Now on to the financial zone – we’re still working on keeping to our budget. We did overspend last weekend, though. Shawn received travel money from work and the kids were staying with my parents, so we had TWO date nights! (Now you know why the weekend was so unusual…) We really needed the time, but we probably could have done it with less money. Our favorite thing is dinner and a movie (I know, cliché), but we rarely get the chance to do it, so that’s what we do on dates when we have them. Plus it was really hard to resist seeing Transformers and G.I. Joe in the theater. I grew up watching those cartoons and pretending I was Scarlett every Sunday and Wednesday night before church started when I was a kid (while all the boys were various other G.I. Joe characters). Can I just tell you that Transformers ROCKED!!!!! God was talking to me through it, too. It was an amazing experience! (Yes, I know it still doesn’t justify overspending. This is just a glimpse into how my mind works.)

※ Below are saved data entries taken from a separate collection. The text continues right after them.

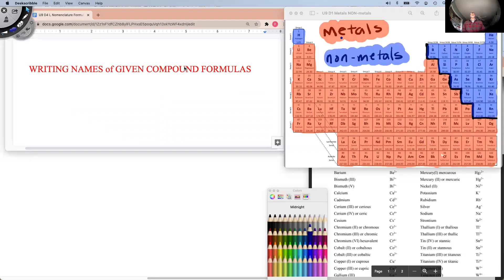Today we are going to be working on how to write the names of a given compound formula. I'm going to give you the formula like H₂O, and you'll have to be able to name that compound. So just a quick review: these red ones over here are metals, the blue ones are non-metals.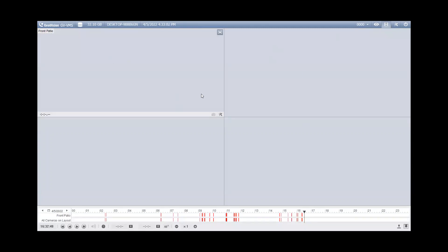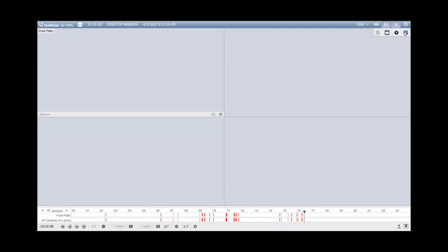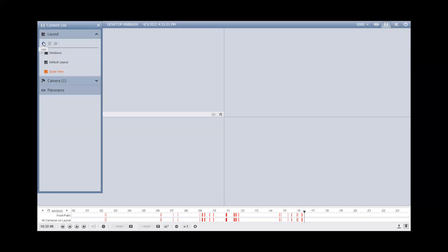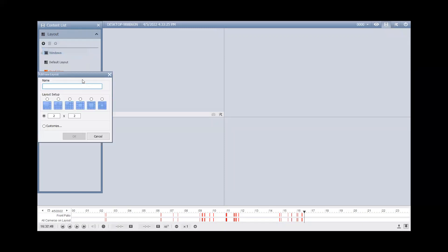You may see a multi-channel division, but what I want to show today is creating a single-channel division where you can full screen a camera and it will save the video like that. To do this, you go into Toolbar and hit Content List, and then on the left, you will want to expand your Layout section and hit the plus sign Add and select Add Layout.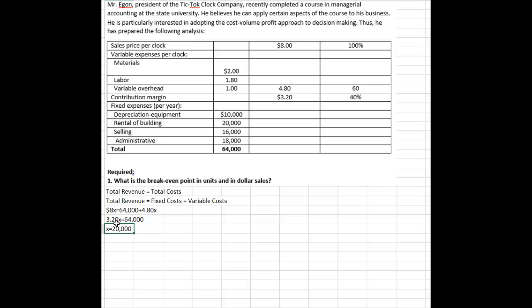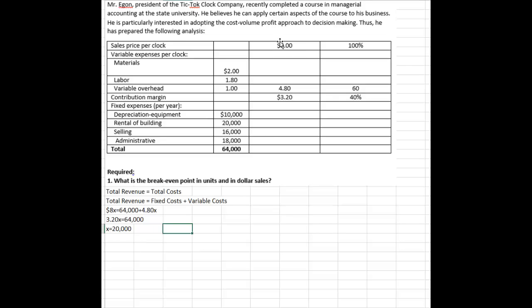is 20,000, and that's the answer in units, but they also ask us in dollars. And the easiest way, in my opinion, is if you first find the units, and then you take that units times the sales price per unit, so it would be 20,000 times the $8. So my break even in dollars is $160,000.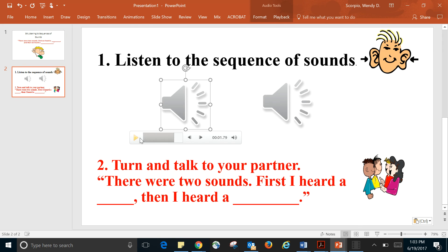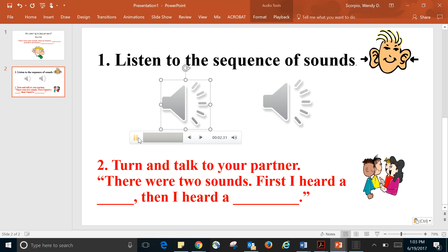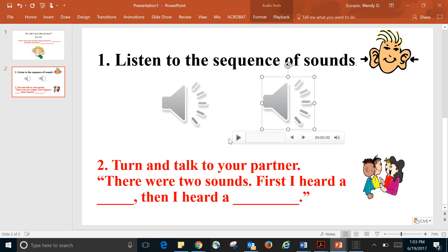All right, so let me play the first sound for you. Let's try it one more time. Okay, so first I heard a... now let's listen to the second sound.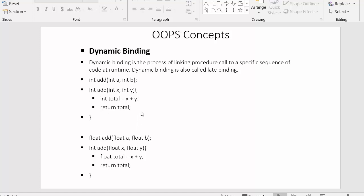The decision is made at the moment when the user enters values. If the user enters two integer values, the compiler will know it needs to execute the function with integer parameters; otherwise, it executes the function with float parameters. That decision is made at runtime — that's why it is called dynamic binding or late binding.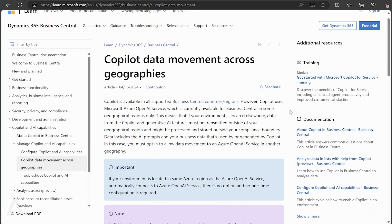Some users are experiencing an issue where when they try to use Copilot processes in Business Central, they receive an error message saying that it is not activated. Other users may not see things that other users see, such as AI forecasts. This is happening in certain areas — if you are in the United States or the United Kingdom, this is already activated and you're not going to receive this error message.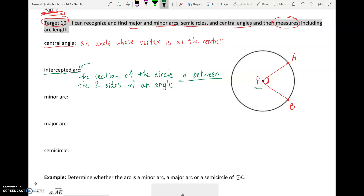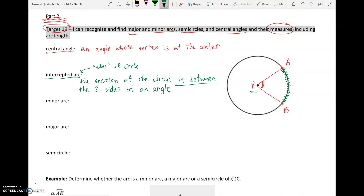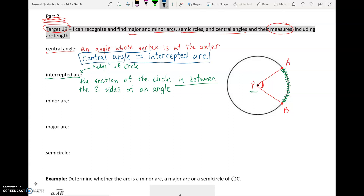An arc is always on the edge of a circle. So the intercepted arc here is the part of the circle between A and B — A and B are the endpoints of the sides of this angle. Our intercepted arc goes from A to B. The first key relationship to know is that the central angle measure equals the intercepted arc measure. I'm going to box this because it is very important today and in the future.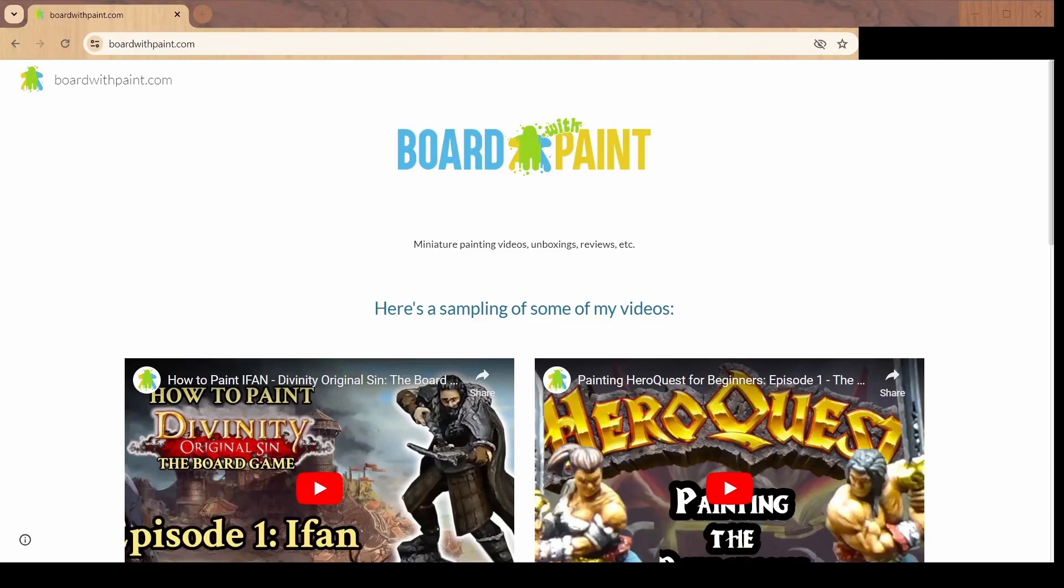Hey folks, welcome to Board with Paint. Today we're going to be doing something a little different from usual. I'm not going to be painting anything for you today. I'm actually a software engineer by trade, so I dabble here and there on side projects, and one of these I'd like to share with you. I put together an app to run your combat encounters in Divinity Original Sin the board game.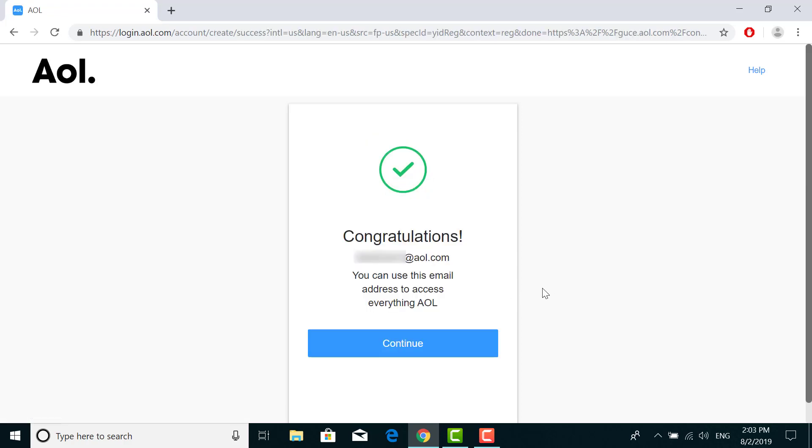Click on verify. It's done now — your AOL account is ready and you're already signed up. It's a very simple process.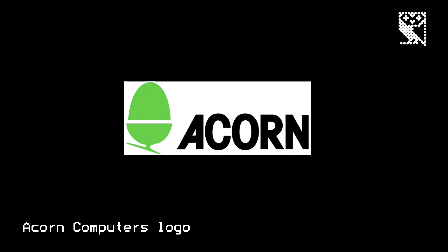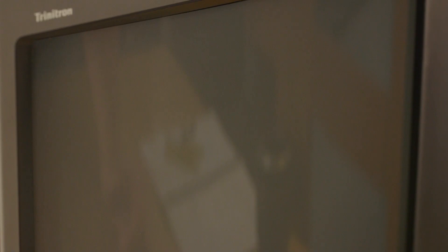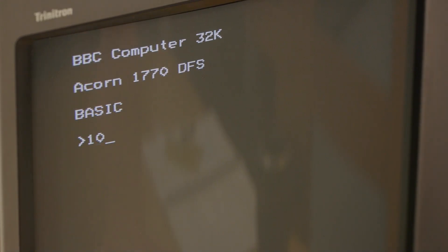A year or so later, Acorn was lucky enough to win the contract to develop the BBC Micro, and I ended up spending a lot of my school holidays working in the Acorn office, helping to debug the operating system and the BBC Basic, the language that was built into the machine.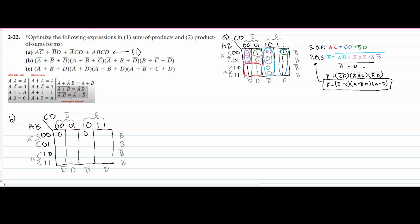That's because in the previous video when we did part A, we had the sum of products. Now this one and this one are written as the product of sums, so we're kind of going backwards. So we're given these two.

I learned something last week about disciplining my mind. Off and on I have problems with insomnia. I’ve tried various ways to deal with it, the main way being laying in bed and trying to go back to sleep. If I get up I’m usually wide-awake from the effort and won’t go back to sleep at all. The problem with laying in bed is that there’s nothing to do but think or pray. I try to pray, but my mind usually wanders too much. So, I usually start thinking about something, and get a strong urge to look it up on the computer. I then decide that I’m not going back to sleep anyway (after laying in bed sleepless for an hour or more), so I get up and get on the computer. Well, on this particular night I tried that, but didn’t go back to sleep (duh!). Around 5:00 or so I decided to go ahead and do my Bible reading for the day. Within a few minutes I fell asleep, not because I was bored (I actually find God’s Word pretty fascinating – you should see how marked up my Bible is), but because, through reading the Word, I was able to bring my mind back in line. I slept for a couple of hours more and finished my reading when I woke up. If I’m going to see lasting change, my mind must be disciplined. I must make choices that bring my mind in line with the Word of God and the God-given desires in my heart. God knew I needed sleep that morning, so when I made the choice that allowed Him entrance into my heart, He was able to provide me with the thing I needed. If I constantly make the choices that allow Him entrance into the moment, He will provide me with what I need and empower me to accomplish what I put my hand to.
You know, structuring changes and blogging about it is really helping me to examine why I do what I do, and gives me a better perspective on myself. I’ve known about my hang-ups for a long time, but have often felt powerless to do anything about them. I’m so grateful to God for this outlet. I’m really optimistic that the outcome will be good and beneficial for me, my family, and those around me. I’d love for you to join me! Anyone can join me at anytime. Just read this post for a review (I introduce Life Zones toward the bottom). You can focus on just one thing at a time or more. Structure it so that it best fits into your life and what you are able to accomplish. Make sure to drop by and comment on your progress. Together we can hold one another accountable and see God accomplish great things in and through us!